The pet needs to make several vet visits in preparation, and must be micro-chipped. The pet carrier has to meet specifications of each airline that services your travel route. Even finding that information on airline websites is intimidating at first. And, what if you have a long layover? You better check the airport facility for a pet area where you can let your pet out and “water” your cat or dog. And that’s if your pet can travel in the cabin with you, many pets must travel in hard crates with cargo. On top of these issues, planes generally have a set limit of pets allowed in cargo and allowed in the cabin. On a small plane, our two cats filled the 2-pet maximum.
With all of these variables at issue, and a major move in the mix, it is easy to understand why so many military pets are left behind at a friend or family’s home while a family takes its overseas tour. It is even easy enough to understand why a pet adopted while abroad might be left to another overseas family before a return to the states. Yet, it is difficult for most of us to accept simply abandoning the pet.

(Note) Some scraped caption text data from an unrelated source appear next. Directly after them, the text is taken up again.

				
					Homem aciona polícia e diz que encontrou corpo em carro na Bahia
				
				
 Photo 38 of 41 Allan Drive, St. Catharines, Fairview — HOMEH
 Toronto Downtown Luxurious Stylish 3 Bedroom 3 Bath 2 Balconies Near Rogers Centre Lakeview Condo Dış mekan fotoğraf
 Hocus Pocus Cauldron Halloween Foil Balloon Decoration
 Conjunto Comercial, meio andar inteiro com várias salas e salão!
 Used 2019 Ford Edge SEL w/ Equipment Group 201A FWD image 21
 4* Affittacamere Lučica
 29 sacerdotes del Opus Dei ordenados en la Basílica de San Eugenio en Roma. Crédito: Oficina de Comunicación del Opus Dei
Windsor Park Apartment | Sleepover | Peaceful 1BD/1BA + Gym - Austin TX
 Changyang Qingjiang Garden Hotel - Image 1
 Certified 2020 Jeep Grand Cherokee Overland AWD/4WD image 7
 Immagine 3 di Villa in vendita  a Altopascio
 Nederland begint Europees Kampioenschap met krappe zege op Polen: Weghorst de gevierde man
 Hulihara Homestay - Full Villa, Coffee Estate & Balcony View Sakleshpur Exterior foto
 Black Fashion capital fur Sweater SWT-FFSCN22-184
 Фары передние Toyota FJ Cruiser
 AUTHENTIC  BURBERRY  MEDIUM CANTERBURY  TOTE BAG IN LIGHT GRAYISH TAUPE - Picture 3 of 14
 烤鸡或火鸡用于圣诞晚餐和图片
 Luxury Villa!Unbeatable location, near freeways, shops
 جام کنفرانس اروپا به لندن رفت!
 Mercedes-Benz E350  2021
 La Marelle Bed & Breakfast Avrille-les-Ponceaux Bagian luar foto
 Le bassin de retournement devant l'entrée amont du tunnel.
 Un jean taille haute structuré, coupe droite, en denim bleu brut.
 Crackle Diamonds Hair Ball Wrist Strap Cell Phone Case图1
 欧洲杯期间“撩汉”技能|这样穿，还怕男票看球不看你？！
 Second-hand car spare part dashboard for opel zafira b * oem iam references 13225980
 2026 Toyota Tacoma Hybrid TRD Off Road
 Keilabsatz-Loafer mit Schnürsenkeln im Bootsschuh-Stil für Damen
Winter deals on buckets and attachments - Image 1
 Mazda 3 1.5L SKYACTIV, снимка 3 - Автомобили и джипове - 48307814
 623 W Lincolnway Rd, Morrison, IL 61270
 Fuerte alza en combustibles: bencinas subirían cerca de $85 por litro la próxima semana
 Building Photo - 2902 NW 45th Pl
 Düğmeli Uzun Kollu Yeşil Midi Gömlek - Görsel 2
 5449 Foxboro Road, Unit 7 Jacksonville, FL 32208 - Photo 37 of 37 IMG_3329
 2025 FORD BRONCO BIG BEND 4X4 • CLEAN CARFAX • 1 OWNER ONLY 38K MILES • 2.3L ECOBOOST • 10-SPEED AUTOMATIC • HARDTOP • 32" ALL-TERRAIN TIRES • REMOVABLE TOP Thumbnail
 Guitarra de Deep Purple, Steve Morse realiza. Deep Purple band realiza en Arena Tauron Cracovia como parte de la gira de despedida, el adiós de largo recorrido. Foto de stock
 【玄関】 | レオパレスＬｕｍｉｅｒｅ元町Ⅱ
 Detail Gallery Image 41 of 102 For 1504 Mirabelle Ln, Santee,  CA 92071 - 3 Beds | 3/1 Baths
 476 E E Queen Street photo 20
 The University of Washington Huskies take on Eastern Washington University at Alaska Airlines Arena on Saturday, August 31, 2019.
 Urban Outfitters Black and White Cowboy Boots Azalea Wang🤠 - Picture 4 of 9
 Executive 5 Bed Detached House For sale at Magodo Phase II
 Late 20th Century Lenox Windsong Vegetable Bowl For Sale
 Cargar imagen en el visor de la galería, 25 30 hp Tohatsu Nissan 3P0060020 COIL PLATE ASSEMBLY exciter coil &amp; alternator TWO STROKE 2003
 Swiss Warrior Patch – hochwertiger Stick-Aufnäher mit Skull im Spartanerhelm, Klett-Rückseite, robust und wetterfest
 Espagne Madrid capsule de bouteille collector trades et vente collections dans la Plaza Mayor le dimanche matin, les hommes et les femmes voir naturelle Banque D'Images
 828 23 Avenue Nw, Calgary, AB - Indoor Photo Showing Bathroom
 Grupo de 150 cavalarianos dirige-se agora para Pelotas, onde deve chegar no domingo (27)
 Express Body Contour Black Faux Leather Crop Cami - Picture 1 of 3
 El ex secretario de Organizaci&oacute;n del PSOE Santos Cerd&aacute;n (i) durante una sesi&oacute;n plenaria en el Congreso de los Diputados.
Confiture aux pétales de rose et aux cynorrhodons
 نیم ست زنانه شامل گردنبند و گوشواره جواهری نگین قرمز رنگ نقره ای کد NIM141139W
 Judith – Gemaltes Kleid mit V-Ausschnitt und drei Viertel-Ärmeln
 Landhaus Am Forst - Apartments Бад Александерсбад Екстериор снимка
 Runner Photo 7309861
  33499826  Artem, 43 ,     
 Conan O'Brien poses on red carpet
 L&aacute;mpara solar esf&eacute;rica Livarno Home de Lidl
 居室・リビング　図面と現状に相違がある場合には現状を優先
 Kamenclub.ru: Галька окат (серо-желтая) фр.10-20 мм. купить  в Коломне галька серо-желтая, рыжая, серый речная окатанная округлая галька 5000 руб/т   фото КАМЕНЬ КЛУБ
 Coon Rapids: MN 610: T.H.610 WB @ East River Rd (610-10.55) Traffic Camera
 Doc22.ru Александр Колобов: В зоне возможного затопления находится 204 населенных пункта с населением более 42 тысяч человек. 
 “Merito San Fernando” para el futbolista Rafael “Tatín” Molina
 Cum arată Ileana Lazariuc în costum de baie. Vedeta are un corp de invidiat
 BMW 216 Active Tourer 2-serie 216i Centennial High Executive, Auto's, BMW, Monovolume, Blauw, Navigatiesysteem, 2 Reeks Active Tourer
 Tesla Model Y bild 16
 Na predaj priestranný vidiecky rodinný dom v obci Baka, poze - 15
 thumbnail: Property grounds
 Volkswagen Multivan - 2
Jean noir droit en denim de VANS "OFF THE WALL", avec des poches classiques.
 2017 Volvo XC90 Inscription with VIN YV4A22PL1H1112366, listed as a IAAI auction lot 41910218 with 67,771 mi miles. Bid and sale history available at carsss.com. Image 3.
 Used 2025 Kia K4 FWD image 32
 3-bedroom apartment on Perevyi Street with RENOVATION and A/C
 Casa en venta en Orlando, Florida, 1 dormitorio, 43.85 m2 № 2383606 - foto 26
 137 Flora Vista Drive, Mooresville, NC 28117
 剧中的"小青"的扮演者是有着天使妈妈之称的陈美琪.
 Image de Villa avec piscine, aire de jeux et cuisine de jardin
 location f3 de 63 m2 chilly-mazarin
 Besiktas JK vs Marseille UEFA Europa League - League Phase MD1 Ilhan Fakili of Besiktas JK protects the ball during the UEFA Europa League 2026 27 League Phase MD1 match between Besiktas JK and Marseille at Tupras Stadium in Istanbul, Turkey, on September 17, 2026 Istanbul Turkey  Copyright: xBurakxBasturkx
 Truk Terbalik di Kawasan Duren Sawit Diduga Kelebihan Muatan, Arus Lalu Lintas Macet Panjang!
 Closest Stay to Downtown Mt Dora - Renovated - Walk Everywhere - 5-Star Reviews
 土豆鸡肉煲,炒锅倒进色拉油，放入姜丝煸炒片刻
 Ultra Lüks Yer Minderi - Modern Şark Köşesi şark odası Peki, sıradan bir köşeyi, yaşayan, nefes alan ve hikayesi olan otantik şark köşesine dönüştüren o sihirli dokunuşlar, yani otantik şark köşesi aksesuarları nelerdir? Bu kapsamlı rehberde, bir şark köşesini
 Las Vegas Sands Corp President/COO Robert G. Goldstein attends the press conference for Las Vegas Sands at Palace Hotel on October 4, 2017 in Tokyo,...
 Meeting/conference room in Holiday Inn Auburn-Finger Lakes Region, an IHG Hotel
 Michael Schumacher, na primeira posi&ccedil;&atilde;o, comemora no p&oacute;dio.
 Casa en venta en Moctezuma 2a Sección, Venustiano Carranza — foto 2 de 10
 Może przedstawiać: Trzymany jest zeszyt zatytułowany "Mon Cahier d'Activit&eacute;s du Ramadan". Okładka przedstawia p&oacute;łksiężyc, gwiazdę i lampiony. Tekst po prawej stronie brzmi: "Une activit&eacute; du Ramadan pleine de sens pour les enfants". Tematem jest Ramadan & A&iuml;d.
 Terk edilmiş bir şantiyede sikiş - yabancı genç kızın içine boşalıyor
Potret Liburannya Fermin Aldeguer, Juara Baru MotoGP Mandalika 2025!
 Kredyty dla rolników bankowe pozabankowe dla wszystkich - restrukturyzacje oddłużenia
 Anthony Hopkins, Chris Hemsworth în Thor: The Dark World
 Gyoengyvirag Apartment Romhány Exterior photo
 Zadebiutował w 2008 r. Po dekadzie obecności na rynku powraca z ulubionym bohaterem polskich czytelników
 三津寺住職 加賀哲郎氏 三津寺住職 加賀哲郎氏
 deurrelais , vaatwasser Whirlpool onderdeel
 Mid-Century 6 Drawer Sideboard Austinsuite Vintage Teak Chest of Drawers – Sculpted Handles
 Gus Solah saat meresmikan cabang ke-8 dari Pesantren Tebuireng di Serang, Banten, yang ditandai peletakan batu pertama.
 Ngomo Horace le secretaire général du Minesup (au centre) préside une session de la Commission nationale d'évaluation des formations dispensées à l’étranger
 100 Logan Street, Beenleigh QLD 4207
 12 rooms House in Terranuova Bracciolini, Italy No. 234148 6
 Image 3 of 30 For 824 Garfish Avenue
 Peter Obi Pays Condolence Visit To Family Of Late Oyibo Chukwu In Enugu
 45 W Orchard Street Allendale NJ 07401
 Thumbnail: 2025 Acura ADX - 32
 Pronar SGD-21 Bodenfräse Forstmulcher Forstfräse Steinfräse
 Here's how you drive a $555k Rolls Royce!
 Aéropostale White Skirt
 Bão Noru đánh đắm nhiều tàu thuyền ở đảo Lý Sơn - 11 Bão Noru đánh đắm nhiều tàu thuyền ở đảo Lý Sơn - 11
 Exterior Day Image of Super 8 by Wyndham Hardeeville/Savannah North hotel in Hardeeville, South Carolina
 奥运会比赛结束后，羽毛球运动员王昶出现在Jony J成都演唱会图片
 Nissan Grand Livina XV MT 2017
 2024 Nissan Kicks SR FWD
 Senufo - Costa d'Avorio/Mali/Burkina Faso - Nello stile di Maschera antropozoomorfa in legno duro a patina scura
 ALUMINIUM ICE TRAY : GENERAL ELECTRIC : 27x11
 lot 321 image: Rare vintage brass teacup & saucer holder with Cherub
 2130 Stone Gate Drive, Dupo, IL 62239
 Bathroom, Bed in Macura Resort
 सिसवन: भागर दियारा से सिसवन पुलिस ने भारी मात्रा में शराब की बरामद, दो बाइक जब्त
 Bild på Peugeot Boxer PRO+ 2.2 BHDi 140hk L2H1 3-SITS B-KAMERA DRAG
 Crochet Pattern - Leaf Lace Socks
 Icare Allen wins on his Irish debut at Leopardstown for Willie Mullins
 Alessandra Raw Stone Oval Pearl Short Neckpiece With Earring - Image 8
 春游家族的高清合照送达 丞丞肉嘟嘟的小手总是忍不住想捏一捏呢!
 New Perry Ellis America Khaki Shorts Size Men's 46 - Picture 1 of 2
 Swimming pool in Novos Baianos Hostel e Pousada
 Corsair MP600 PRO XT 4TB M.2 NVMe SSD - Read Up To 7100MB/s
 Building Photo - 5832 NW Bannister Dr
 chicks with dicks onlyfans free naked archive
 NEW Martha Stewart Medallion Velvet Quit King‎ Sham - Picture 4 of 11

Unfortunately, this happens all too often in the military. In recent years, more action is being taken to combat the problems associated with abandoned pets on or near overseas military installations. The Department of Defense (DoD) is requesting a change to the Manual of Courts-Martial, and eventually a change to the UCMJ (Uniform Code of Military Justice – essentially like the “State law” of the military; federal laws and the U.S. Constitution apply to service members, but they get their own code, too). Congress is the UCMJ gatekeeper, though the President can make the change to the Manual.
The group wants the ability to enforce stiffer penalties against pet-owners who abandon their pets overseas. A service member can already be charged with “dereliction of duty” and “conduct prejudicial to good order and discipline” (according to the article linked above), but the DoD wants a pet-specific offense to strengthen the cases and clarify the consequences in cases of pet abandonment.
Our pets are part of the family and while I would consider parting with them for health reasons, space or other rational reasons, I would never consider abandoning them and walking away. I am sure this is a difficult position for the families who end up doing so, and I hope that the threat of penalty pushes them to take evasive action ahead of time, so the urge to abandon the pet does not overwhelm the rational person who put so many resources into caring for the pet while it lived in their home.